Un primer grito de desahogo
Cuando Ecuador marcó, el relato cambió de tono. En el patio de comidas del Mall American Dream, el primer grito tuvo algo de alivio acumulado. No era solo un gol contra Alemania. Era el gol que no había llegado ante Costa de Marfil ni ante Curazao. Era la confirmación de que todavía había partido, de que la espera había servido para algo, de que la camiseta amarilla no estaba allí solo por costumbre.
El segundo gol terminó de romper la tarde. Ecuador, que había llegado al duelo obligado a ganar y dependiendo de otros resultados, se puso por delante ante una Alemania que ya había goleado 7-1 a Curazao y vencido 2-1 a Costa de Marfil. En los alrededores del MetLife, los hinchas que no habían conseguido entrar, seguían el partido como podían: desde pantallas, desde teléfonos, desde redes sociales, desde mensajes que llegaban de familiares dentro del estadio. Cada actualización aumentaba la tensión. Cada minuto acercaba una celebración que al inicio parecía improbable.
El pitazo final confirmó la victoria 2-1 y desató una fiesta que se extendió más allá del estadio. Los pasillos de American Dream, los estacionamientos y las calles cercanas se llenaron de abrazos, banderas y cantos. Algunos hinchas que habían pasado la tarde buscando una entrada terminaron celebrando como si hubieran estado en la primera fila. Otros salieron de los restaurantes con la camiseta puesta y el teléfono en la mano, llamando a familiares en Ecuador o grabando videos para compartir la escena.
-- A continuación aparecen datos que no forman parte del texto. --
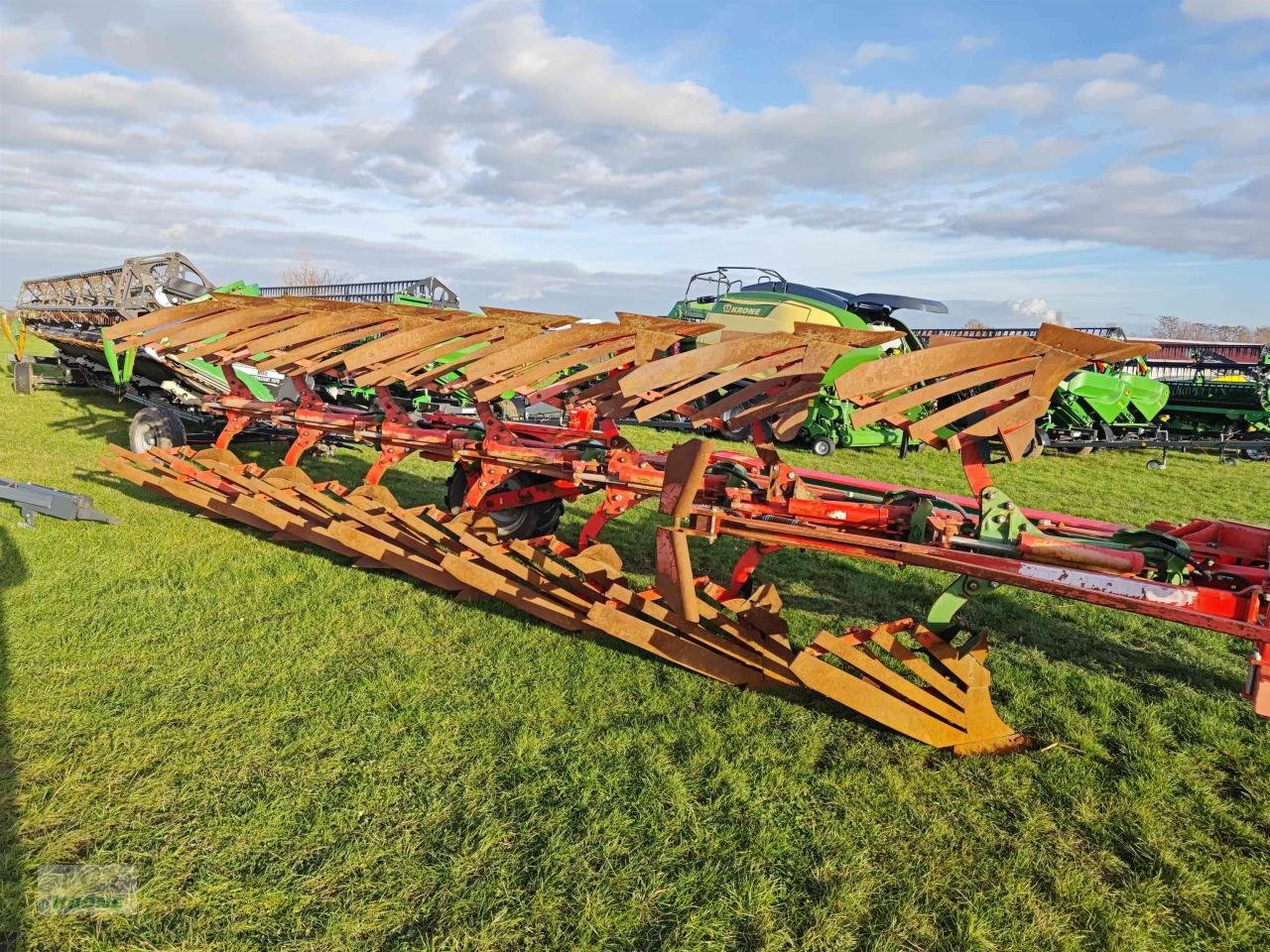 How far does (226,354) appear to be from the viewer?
6.47 m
Al final, la jornada, con un Ecuador que ahora espera rival en los 16avos de final, dejó una imagen difícil de anticipar al mediodía: ecuatorianos que empezaron la tarde revisando el celular para ver si una entrada bajaba de precio y terminaron abrazándose por una victoria ante Alemania. En el estadio, en el centro comercial, en Newark, en Queens, en las casas y en los restaurantes, Ecuador volvió a marcar. Y, por unas horas, el marcador sí alcanzó para sostener toda la esperanza.